McKinsey's 2022 analysis of 60 S&OP transformations found that 72% of transformations that achieved initial success regressed within two years when executive sponsorship weakened or the sponsoring executive left the company. The process is not self-sustaining. It requires continuous executive energy to maintain cross-functional participation.


What a real decision-making S&OP looks like

I have seen it work in one large organisation, properly. The conditions were unusual but instructive.

The COO chaired the executive S&OP personally and did not delegate it. She asked hard questions in the meeting and visibly held people accountable for the answers. When the commercial team brought a demand number that was inconsistent with the statistical baseline, she asked why, and she did not accept "the market is complex" as an answer. When supply planning said they couldn't meet a demand scenario, she asked what it would cost to close the gap, and she made the resource decision in the room.

The result was that pre-S&OP preparation became serious. Functions that had previously sent analysts to the preparatory meetings started sending directors. The forecast accuracy improved not because the statistical model got better — it got marginally better — but because commercial stopped sandbagging and finance stopped layering in contingency. When people knew the COO was going to ask about their number, they made the number honest.

The three things that distinguished this process from a review forum:

  1. Decisions were made in the room with accountability. Not "we'll take that offline" — a named person with a deadline and a consequence for missing it.
  2. The financial bridge was live. Every scenario was translated into gross margin impact in real time, so decisions were made with P&L visibility rather than in operational isolation.
  3. The process had teeth. Once a number was agreed in S&OP, changing it outside the S&OP cycle required explicit executive approval. The commercial team could not quietly update the forecast in the CRM and expect supply to follow.

The chair matters more than the tool.

Deloitte S&OP Transformation Study, 2021

The uncomfortable thesis

S&OP is not a supply chain process. It is a general management process that supply chain has, historically, been tasked with running — with insufficient authority to make it work.
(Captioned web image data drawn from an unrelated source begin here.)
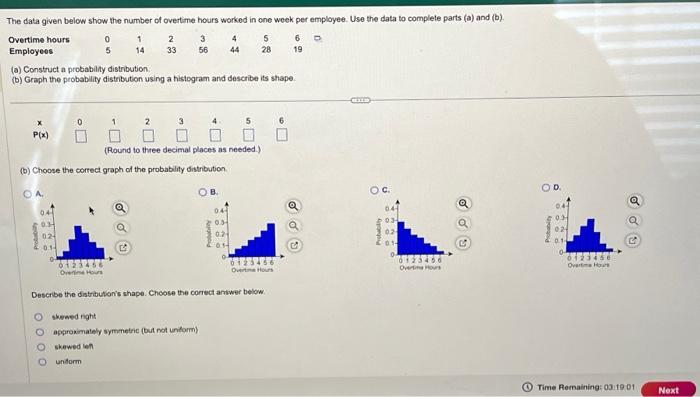 [Solved]: (a) Construct A Probability Distribution. (b) Gra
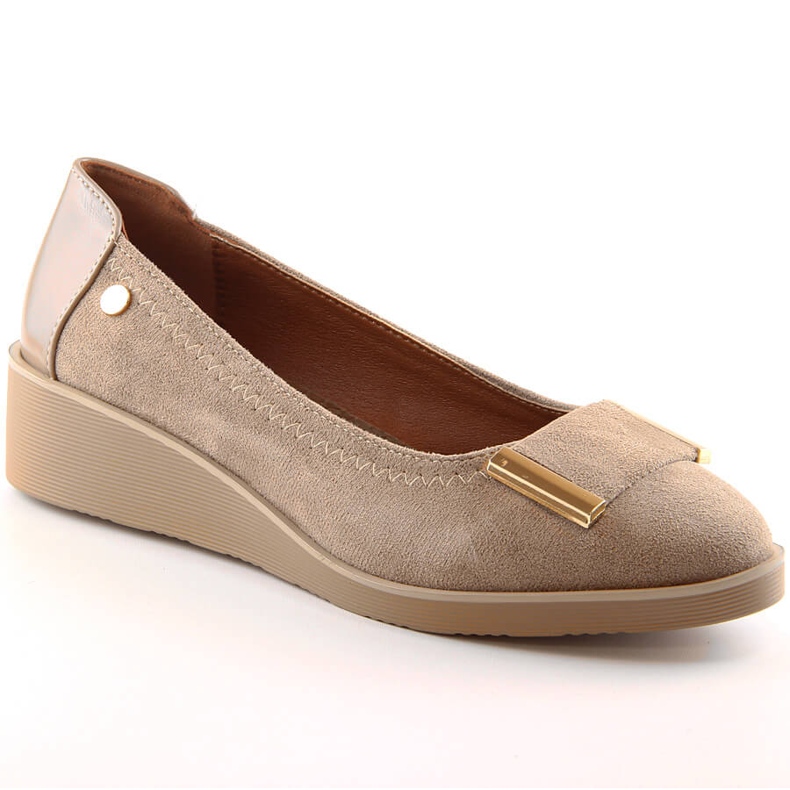 M. DASZYŃSKI Décolleté con zeppa in camoscio da donna beige M.Daszyński MR2265-4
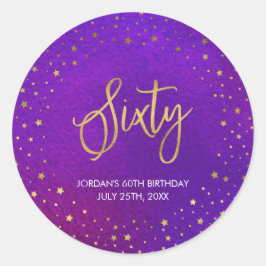 Adesivo Starry Purple Watercolor 60º aniversário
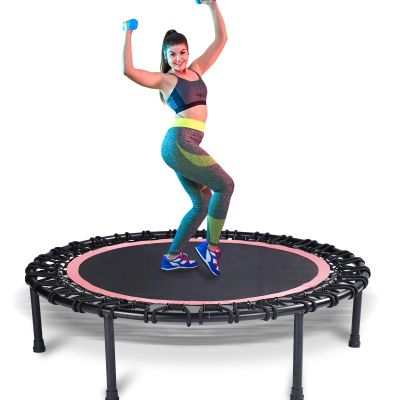 Mini Fitness Trampoline with Bungees  Stable & Quiet Rebounder for Adults, Perfect for Indoor & Outdoor Workouts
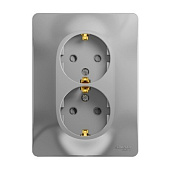 Купить Розетка Schneider Electric Glossa GSL000326 двухместная с заземлением и защитными шторками алюминий по низкой цене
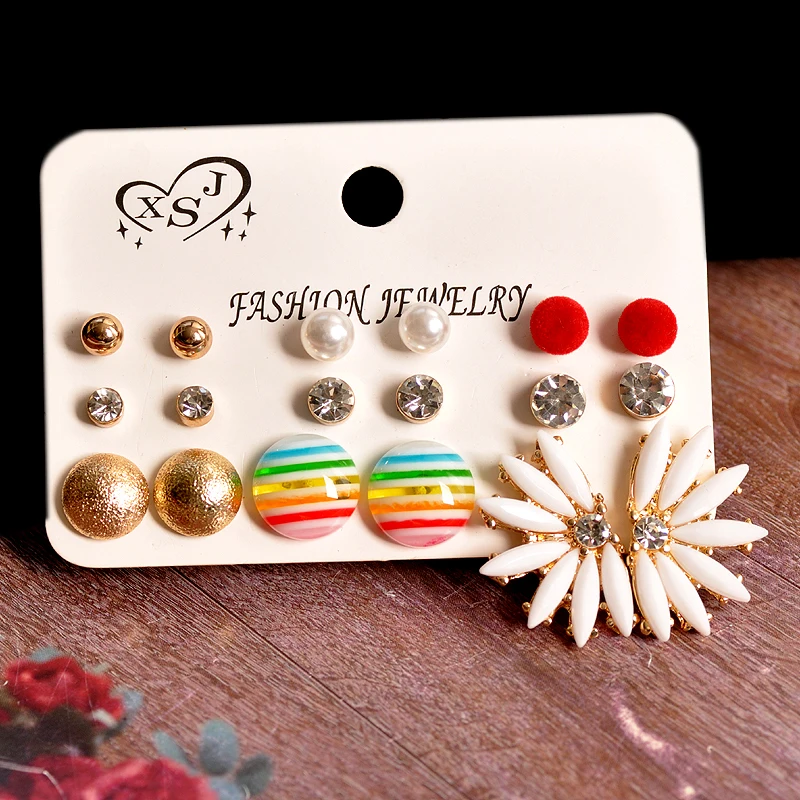 Серьги гвоздики женские с жемчугом 9 парций/компл.|Серьги-гвоздики| |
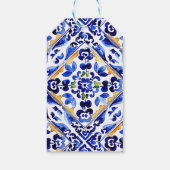 Amalfi Italienische blaue Vase Zitrone Babydusche Geschenkanhänger (Rückseite)
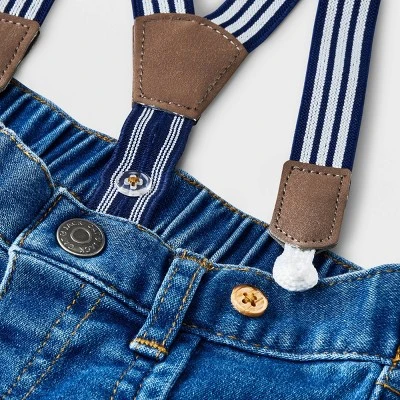 Baby Boys' Denim Shorts Henley Suspender Set - Cat & Jack™ Burgundy 5 Baby Boys' Denim Shorts Henley Suspender Set - Cat & Jack™ Burgundy - Image 3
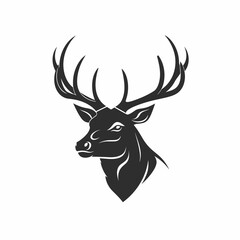 North American Elk, Black and White Vector Illustration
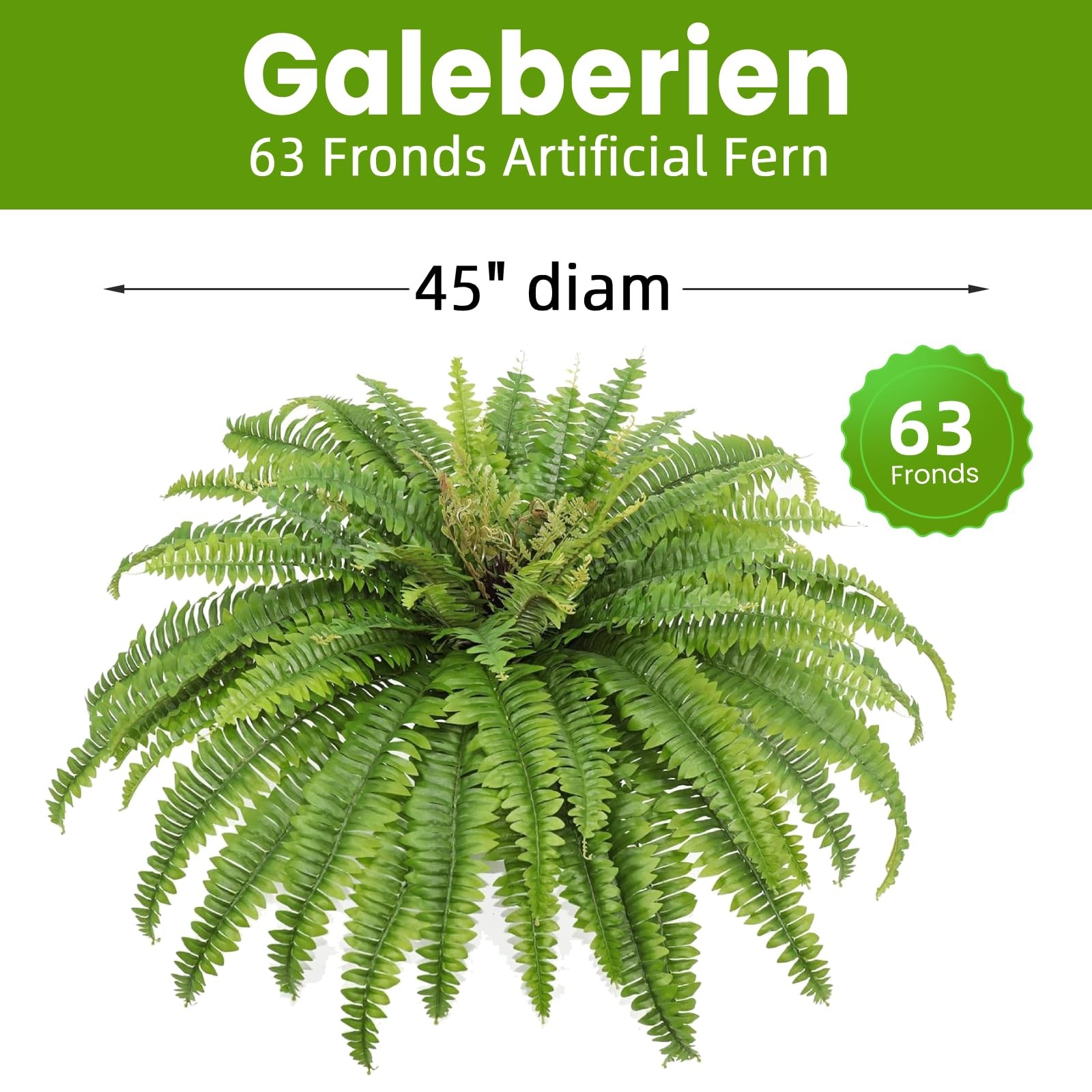 Artificial Ferns for Outdoors & Indoors, 45″ Large Faux Ferns 57 Fronds Fake …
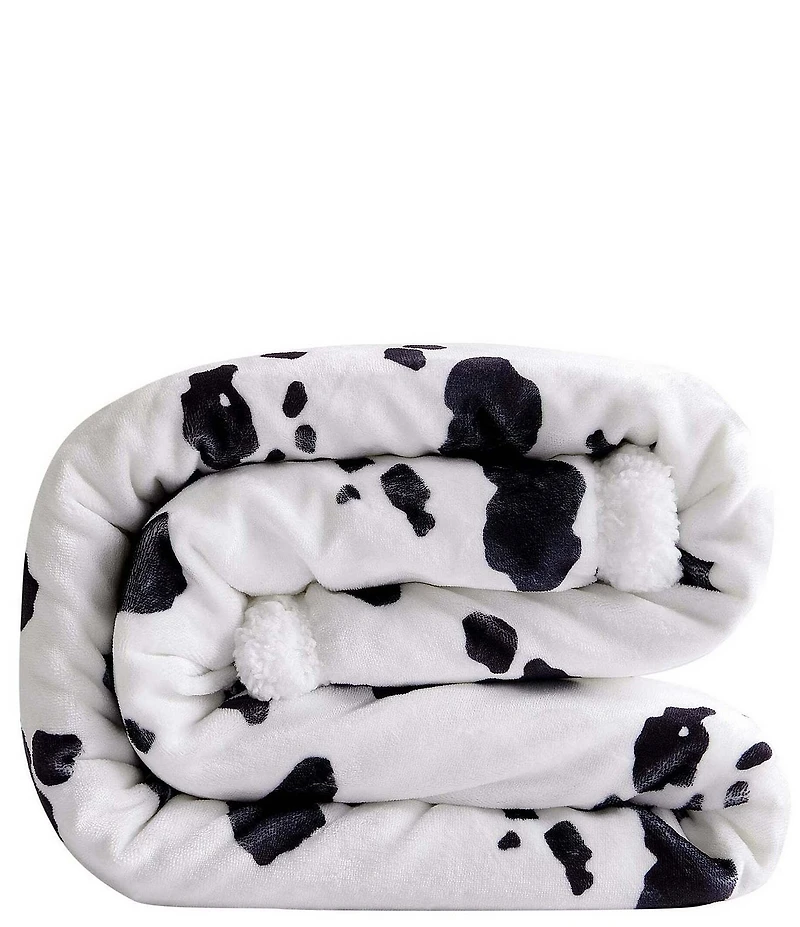 HiEnd Accents x Indigo Hill Elsa Cowhide Print Campfire Sherpa Throw Blanket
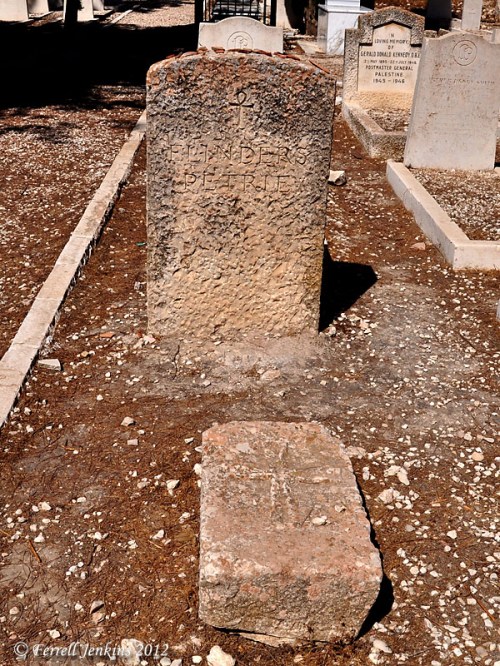Grave marker for Flinders Petrie in Jerusalem Protestant Cemetery. Photo by Ferrell Jenkins.
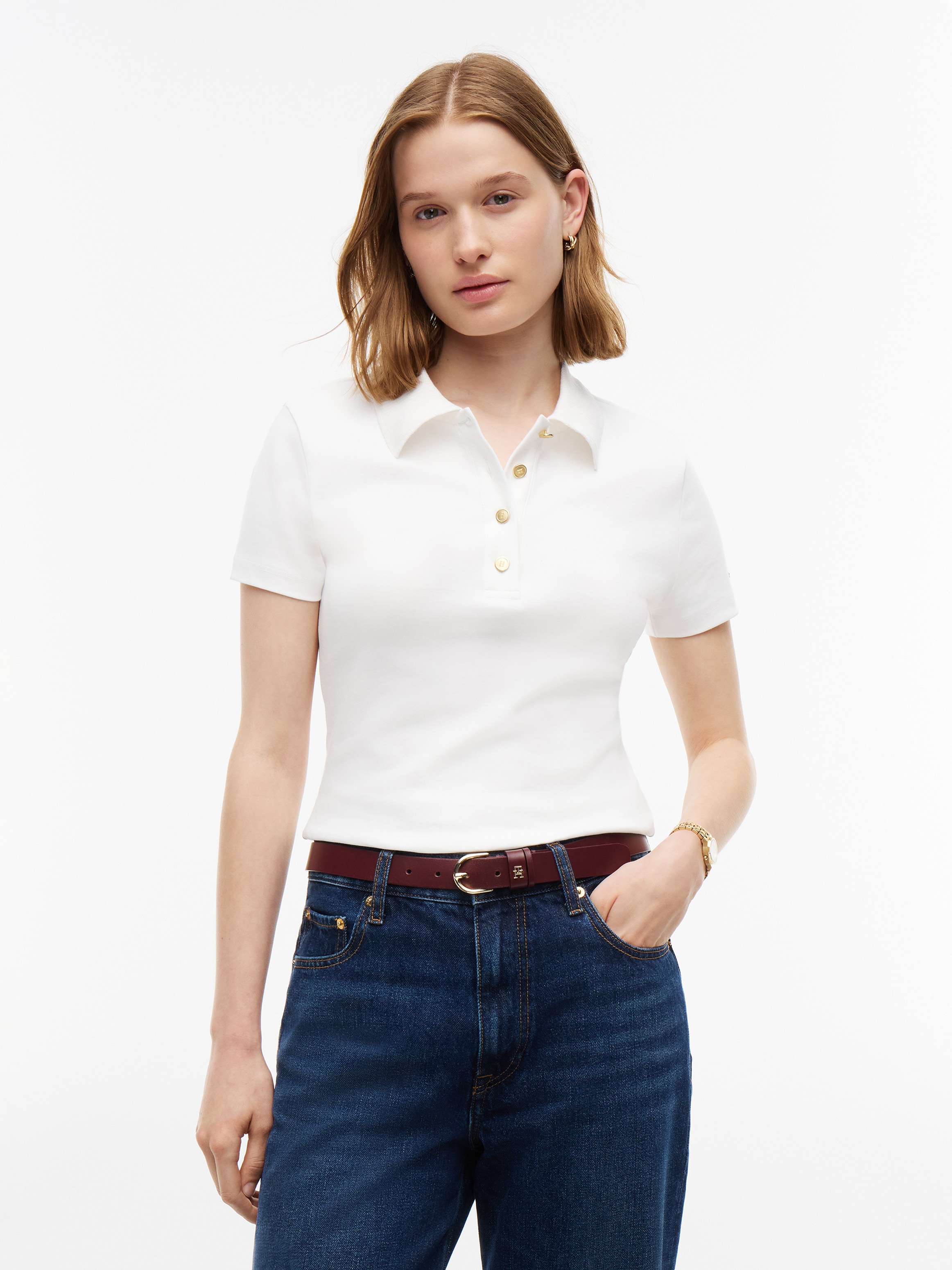 Tommy Hilfiger Poloshirt »GOLD BUTTON REG S/S POLO« Baumwolle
The organisations that run S&OP well treat it as the CEO's operational management system, not a tool for supply chain to align commercial. The CEO owns the integrated plan. Supply chain runs the mechanics. Commercial, finance, and operations participate because they are accountable to the plan, not because supply chain asked them nicely.

Until that ownership is explicit and enforced from the top, most S&OP processes will continue to be what they currently are: well-documented, well-attended, and almost entirely advisory.


Sources

  • Wallace, T. F., & Stahl, R. A. (2008). Sales & Operations Planning: The How-To Handbook. T.F. Wallace & Company.
  • Oliver Wight International. (2022). The Oliver Wight Class A Checklist for Business Excellence. 7th edition.
  • Oliver Wight International. (2023). S&OP Benchmarking Survey. Oliver Wight.
  • Gartner. (2022). "Survey Analysis: Supply Chain Planning Effectiveness." Gartner Research.
  • IBF — Institute of Business Forecasting & Planning. (2023). S&OP Best Practices Survey. IBF.
  • ASCM (formerly APICS). (2022). Supply Chain Resilience Report. ASCM.
  • Deloitte. (2021). "S&OP: Closing the Gap Between Strategy and Execution." Deloitte Consulting LLP.
  • McKinsey & Company. (2022). "Why S&OP Transformations Stall — and How to Restart Them." McKinsey Operations Practice.
  • Lapide, L. (2005). "Sales and Operations Planning Part I: The Process." The Journal of Business Forecasting. 24(3).
  • Thomé, A. M. T., et al. (2012). "Sales and operations planning: A research synthesis." International Journal of Production Economics. 138(1).